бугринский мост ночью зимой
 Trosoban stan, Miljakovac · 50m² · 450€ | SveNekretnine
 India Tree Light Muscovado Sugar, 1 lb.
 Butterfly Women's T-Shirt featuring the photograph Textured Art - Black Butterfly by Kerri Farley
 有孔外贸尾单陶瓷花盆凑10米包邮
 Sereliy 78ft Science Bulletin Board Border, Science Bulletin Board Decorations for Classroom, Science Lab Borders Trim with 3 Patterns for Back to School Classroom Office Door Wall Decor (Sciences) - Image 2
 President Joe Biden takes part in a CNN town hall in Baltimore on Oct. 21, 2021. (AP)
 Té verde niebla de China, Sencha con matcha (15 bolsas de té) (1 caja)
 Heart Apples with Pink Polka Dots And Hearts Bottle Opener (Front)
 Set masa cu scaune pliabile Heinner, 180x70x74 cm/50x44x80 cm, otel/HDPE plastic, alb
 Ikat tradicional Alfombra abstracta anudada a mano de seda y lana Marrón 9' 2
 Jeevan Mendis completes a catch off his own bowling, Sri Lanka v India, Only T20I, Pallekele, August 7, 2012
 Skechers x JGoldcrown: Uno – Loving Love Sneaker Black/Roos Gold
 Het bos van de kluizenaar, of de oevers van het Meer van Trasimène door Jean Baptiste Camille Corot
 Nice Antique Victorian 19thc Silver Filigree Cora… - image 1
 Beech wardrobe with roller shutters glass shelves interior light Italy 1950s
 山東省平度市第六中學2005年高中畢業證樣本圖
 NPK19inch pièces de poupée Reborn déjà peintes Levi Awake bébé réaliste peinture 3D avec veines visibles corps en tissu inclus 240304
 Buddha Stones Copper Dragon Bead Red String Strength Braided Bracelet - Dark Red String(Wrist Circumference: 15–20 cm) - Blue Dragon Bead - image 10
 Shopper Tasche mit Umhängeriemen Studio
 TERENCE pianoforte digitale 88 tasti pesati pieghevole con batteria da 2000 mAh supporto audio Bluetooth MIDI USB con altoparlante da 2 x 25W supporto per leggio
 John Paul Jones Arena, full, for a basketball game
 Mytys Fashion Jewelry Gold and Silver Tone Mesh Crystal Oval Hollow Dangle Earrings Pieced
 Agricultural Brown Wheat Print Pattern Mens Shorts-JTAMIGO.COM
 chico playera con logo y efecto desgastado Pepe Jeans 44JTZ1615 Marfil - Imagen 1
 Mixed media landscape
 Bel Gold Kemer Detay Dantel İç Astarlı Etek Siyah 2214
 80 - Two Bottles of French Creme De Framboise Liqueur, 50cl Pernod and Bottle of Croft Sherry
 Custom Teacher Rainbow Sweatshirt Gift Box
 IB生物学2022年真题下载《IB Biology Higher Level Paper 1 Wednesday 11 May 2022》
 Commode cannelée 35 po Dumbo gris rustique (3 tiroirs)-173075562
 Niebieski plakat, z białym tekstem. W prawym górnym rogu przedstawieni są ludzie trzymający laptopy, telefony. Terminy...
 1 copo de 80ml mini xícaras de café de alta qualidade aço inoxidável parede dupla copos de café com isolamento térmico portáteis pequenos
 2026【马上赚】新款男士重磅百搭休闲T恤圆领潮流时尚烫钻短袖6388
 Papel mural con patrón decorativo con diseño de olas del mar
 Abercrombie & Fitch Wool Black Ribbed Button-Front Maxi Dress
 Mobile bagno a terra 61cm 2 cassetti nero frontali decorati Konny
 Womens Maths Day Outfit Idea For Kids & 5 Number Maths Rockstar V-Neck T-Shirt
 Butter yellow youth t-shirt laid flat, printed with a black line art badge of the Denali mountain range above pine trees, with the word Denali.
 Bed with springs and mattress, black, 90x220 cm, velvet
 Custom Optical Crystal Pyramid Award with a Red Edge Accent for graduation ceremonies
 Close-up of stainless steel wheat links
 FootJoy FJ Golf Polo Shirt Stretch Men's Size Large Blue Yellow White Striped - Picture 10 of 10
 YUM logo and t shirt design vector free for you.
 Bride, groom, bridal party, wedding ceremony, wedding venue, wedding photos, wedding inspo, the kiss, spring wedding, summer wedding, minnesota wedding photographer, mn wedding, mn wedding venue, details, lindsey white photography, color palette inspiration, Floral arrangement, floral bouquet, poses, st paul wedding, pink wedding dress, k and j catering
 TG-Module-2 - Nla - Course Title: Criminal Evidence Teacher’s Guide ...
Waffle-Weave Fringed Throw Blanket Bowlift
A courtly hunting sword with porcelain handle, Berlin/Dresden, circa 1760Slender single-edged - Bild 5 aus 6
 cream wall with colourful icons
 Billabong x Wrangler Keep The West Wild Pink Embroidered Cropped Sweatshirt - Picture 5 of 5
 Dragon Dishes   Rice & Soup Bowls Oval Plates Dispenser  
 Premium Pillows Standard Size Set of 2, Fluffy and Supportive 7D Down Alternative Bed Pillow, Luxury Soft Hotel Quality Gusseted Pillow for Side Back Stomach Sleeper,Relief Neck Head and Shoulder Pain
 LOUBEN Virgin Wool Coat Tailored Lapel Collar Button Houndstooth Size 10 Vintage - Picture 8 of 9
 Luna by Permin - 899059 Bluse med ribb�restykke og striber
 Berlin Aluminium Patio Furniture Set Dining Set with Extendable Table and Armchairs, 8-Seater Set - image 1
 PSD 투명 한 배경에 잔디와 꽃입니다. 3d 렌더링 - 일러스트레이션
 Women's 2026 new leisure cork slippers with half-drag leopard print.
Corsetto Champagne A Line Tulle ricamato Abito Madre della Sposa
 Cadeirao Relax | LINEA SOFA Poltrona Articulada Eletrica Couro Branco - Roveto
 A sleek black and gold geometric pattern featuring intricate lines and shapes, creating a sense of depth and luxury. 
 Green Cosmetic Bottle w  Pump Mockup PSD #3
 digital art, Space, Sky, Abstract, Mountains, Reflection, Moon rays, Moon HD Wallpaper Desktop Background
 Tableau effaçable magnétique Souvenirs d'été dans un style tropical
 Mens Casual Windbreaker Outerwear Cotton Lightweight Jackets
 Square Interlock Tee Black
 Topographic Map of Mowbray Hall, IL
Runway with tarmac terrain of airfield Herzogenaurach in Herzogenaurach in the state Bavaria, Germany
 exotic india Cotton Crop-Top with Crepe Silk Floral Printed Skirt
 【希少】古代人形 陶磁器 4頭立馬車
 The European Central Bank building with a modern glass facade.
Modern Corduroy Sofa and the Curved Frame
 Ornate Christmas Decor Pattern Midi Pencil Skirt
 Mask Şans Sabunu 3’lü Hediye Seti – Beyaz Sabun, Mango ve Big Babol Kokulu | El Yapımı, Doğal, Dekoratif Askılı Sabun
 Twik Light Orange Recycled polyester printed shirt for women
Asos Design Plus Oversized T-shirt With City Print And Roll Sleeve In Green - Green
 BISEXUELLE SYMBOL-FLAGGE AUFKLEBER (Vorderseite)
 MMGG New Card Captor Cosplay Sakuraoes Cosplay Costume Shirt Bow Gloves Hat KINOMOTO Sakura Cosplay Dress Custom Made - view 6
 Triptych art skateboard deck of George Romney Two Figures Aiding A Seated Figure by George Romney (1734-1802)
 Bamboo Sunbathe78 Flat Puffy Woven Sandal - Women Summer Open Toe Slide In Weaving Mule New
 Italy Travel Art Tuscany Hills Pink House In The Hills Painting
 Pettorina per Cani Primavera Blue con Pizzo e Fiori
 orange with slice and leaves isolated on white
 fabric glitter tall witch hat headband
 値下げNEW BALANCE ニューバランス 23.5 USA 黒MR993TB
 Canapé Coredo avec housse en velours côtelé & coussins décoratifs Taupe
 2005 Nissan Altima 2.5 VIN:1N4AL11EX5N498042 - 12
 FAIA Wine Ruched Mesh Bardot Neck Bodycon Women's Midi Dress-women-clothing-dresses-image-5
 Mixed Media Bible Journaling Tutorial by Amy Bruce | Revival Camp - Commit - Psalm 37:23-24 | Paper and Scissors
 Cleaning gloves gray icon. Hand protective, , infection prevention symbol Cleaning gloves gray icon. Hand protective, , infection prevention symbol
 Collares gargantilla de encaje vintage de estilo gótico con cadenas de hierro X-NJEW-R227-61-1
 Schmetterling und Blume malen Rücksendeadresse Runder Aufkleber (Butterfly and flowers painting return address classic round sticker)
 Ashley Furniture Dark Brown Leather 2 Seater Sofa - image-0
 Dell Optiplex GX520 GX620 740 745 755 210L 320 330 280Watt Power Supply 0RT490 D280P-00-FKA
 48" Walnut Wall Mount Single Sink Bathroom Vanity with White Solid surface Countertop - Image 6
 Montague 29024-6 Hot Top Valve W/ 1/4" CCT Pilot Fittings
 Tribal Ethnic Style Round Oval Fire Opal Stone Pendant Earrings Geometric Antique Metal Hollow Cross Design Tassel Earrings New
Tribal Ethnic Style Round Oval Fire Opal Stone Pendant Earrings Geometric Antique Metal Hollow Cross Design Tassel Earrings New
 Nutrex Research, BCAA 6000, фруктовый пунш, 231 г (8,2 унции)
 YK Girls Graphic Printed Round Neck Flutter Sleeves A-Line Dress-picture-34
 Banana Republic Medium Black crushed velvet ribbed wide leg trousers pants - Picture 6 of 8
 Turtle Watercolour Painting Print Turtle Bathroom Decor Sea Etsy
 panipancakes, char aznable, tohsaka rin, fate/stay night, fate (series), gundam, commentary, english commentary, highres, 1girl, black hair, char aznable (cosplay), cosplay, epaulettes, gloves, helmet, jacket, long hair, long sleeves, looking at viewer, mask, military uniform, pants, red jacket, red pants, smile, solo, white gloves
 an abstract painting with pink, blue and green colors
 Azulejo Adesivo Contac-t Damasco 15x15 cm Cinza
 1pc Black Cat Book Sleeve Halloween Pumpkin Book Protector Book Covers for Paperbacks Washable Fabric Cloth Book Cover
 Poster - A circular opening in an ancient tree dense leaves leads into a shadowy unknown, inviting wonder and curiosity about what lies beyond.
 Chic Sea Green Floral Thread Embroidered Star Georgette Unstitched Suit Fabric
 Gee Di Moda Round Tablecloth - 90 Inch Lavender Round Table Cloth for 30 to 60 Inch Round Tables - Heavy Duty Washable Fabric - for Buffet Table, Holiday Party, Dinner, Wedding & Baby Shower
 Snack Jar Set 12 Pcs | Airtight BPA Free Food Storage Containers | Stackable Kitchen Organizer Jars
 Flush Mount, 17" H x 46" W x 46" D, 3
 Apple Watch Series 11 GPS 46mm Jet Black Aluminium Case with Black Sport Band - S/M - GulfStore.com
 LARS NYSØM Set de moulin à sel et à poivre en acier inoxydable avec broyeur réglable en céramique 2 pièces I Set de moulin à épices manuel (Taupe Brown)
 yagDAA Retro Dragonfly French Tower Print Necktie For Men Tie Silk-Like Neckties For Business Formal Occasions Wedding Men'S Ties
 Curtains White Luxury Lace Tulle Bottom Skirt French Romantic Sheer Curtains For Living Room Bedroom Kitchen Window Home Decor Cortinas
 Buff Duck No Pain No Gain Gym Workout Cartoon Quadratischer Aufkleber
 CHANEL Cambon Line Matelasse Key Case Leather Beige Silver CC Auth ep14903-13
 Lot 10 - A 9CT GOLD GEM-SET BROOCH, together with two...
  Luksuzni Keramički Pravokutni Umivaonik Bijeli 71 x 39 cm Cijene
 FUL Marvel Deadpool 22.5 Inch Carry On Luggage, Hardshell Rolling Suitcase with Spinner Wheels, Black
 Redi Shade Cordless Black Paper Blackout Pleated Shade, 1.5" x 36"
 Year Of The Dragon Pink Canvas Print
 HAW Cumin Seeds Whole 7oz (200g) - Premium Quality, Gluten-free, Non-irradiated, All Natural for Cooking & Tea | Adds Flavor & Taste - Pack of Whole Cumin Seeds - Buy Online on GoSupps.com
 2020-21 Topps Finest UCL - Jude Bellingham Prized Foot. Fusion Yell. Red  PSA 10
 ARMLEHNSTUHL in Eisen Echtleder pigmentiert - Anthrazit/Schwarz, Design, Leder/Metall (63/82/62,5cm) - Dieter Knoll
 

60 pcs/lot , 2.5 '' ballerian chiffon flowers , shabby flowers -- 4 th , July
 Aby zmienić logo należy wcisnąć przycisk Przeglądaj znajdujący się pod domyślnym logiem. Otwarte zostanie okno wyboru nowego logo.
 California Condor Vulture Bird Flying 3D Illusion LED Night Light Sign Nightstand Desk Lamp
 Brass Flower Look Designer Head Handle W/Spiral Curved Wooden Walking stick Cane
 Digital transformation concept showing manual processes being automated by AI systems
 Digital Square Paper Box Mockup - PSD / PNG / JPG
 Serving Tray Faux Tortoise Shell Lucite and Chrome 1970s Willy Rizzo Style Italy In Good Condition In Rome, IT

**WHAT IS REQUIRED**
Going through the material above, tally each line holding the word "logo", then give the total and nothing else.

**RESPONSE TO THE EXERCISE**
3